I told tales of electricity and technology, and being one soul among seven billion. They...really had no way to grasp a number that large. I finally asked Estinien for the approximate population of Ishgard, and on hearing it was around 100k told them, “The province I grew up in had a population of 200 Ishgards. The single city I grew up in was twenty Ishgards.”
Alphinaud’s eyes went round in amazement, “How did you feed and house everyone?”
“Honestly? Poorly. The gap between the haves and have-nots was huge. Pisser was, as a society, we had the coin and ability to do so, but chose not too.”
I shook my head, “There were those of us trying to change that, but imagine trying to do so in Ul’dah, with their stubborn belief that if you work hard enough you’ll eventually earn enough money to land a seat on the Syndicate. Even though Raubhan is what? One of very few if not the only one to have ever actually done so? Then scale that exact attitude up for 300 million people. There was a lot of inertia against change.”
Many more stories in, I yawned and stretched, “You are welcome to continue yelling at me in the morning, but I am about to fall asleep. Who wants first watch?”
Alphinaud claimed to not be sleepy, so he took first, Estinien and Ysayle claimed to not mind split sleep, so they divvied up the overnight, leaving me with last watch and a painfully early morning.
***
As I was drifting off, Estinien said, “Give her a chance.”
Another low masculine voice, “No. We need Rizha back. The real Rizha.”

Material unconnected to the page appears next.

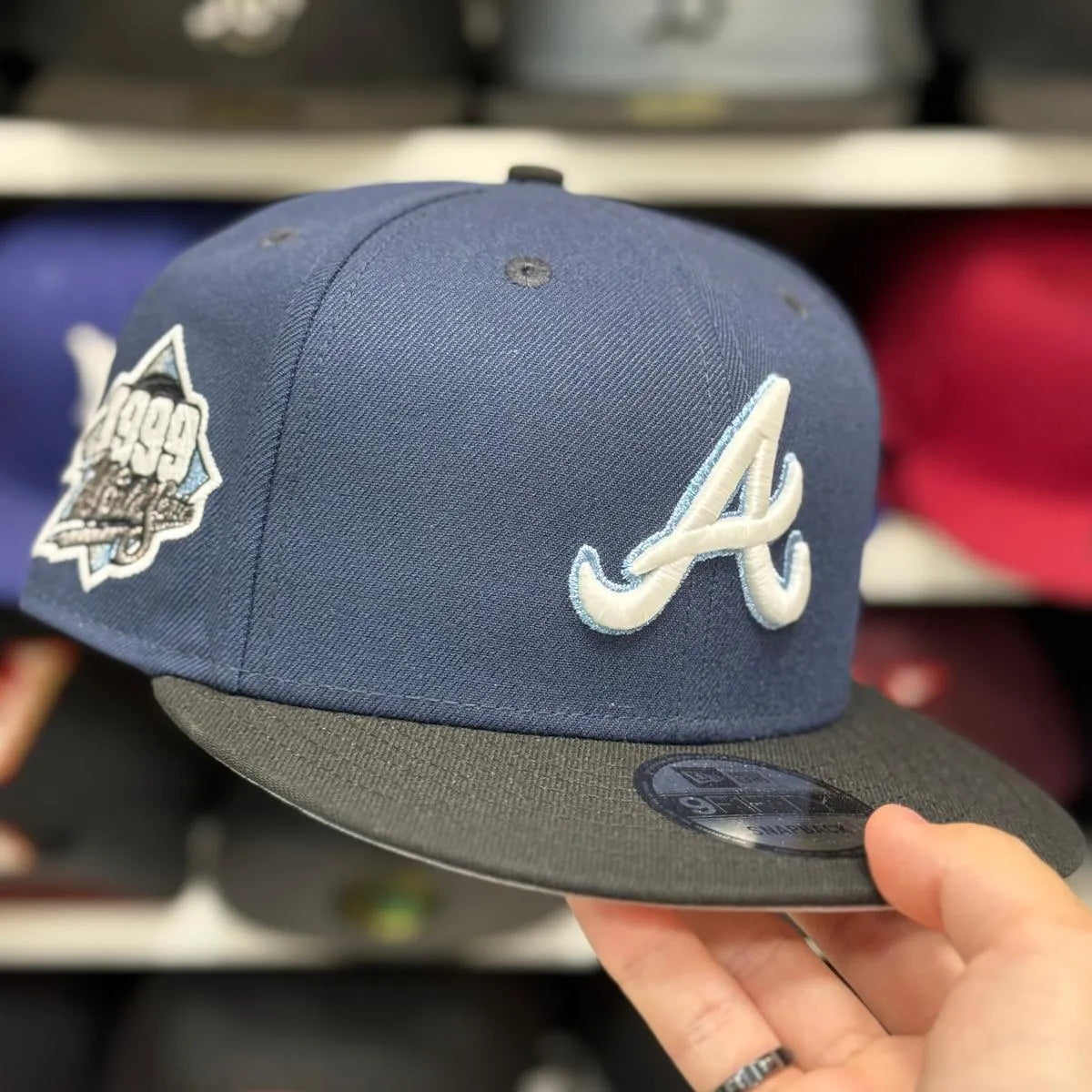 New Era Atlanta Braves '1999 World Series' Dark Blue/Black 9FIFTY Snapback - Product Image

A sigh, then, “Have you stopped to wonder why the Lord Commander, Lord Haurchefant, and myself have allowed, indeed, helped Lynn be Rizha?”
“Does it matter?”
“I believe so. The three of us didn’t tell her who she was, at first. We waited to see what kind of person ‘Lynn’ was. Can you guess what her intent was?”
“No,” it was sullen, but I thought I caught a tinge of curiosity.

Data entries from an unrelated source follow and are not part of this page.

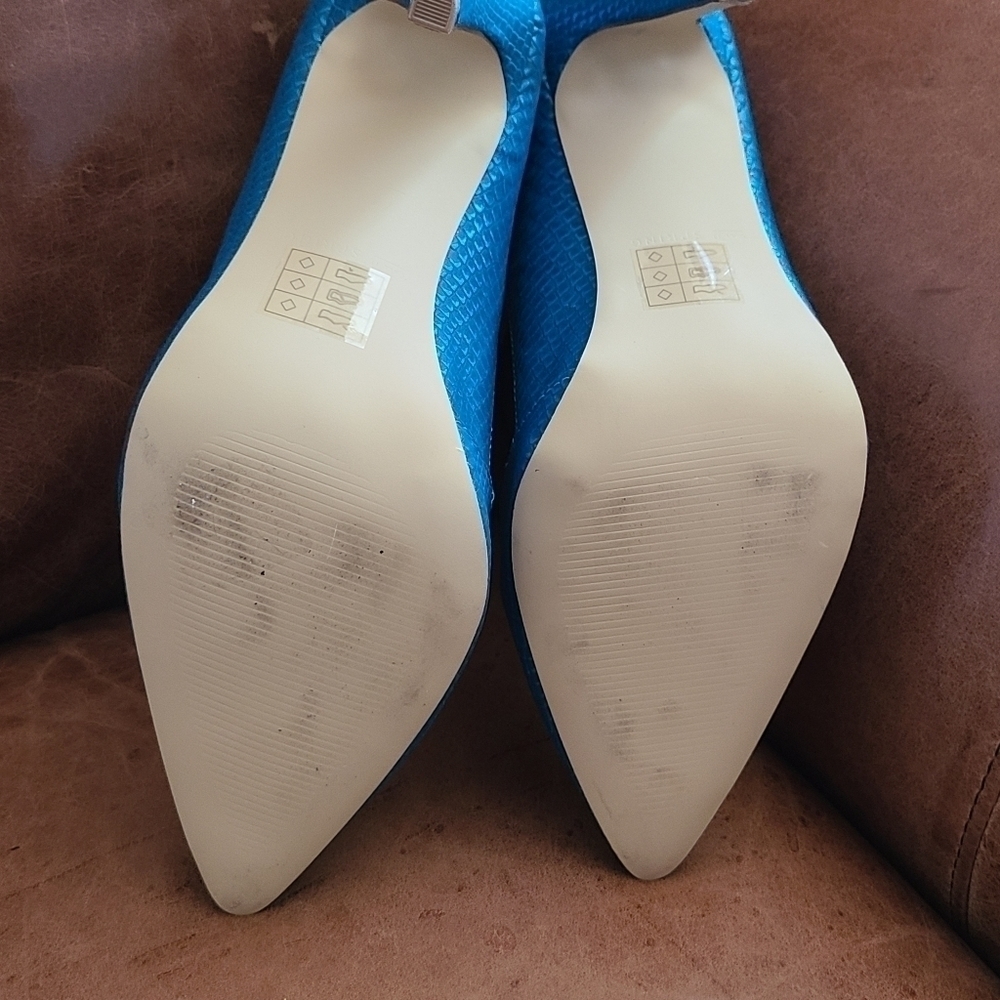 Call It Spring Mermaid Stiletto Heels with Blue Scale Mermaid Print, Size 9 - Picture 9 of 10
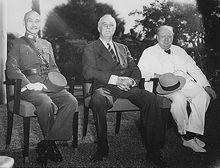 開羅會議上邱吉爾與羅斯福、蔣介石
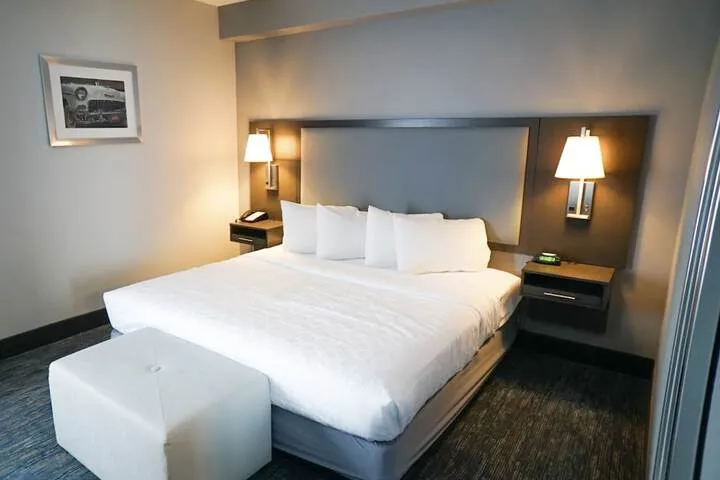 Room 5 of 39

“The first thing she asked us, once she’d stopped swearing,” I winced, glad my back was to them, “was ‘When was Cartenau?’

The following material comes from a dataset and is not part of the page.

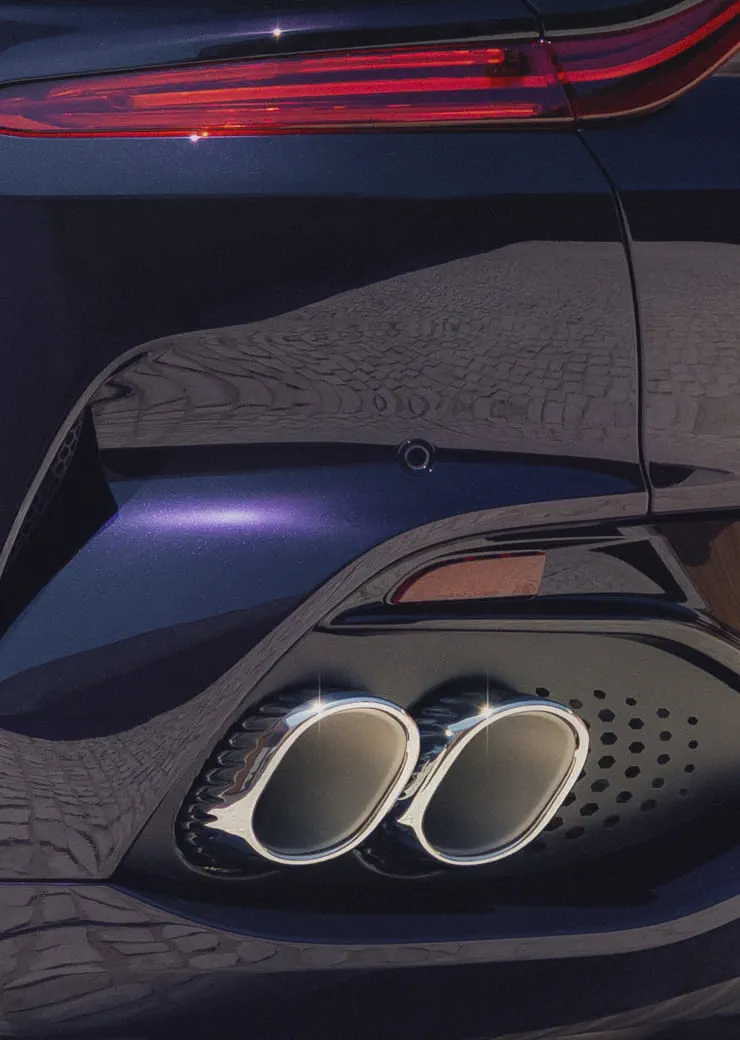 SCULPTURAL REAR INTEGRATION.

When we asked her why, she said she needed to get to the Scions.
The Lord Commander asked her why the Scions, specifically. Her response? ‘Because I have knowledge that might save lives, and I cannot sit by and do nothing.’
She may not be Rizha in her mannerisms, but there is no doubt in my mind that she remains our Rizha.
We are not asking you to trust her immediately, only that you give her a chance.”
Huh. That...was a substantially stronger vote of confidence than I deserved.
I felt someone larger than me lay against my back. I rolled halfway over to confirm it was Estinien, then murmured, “Thank you.”
He softly pressed his lips to the crown of my head, “Kitten, ever will I be on your side.” I fell asleep, wrapped in safety, a small smile on my lips.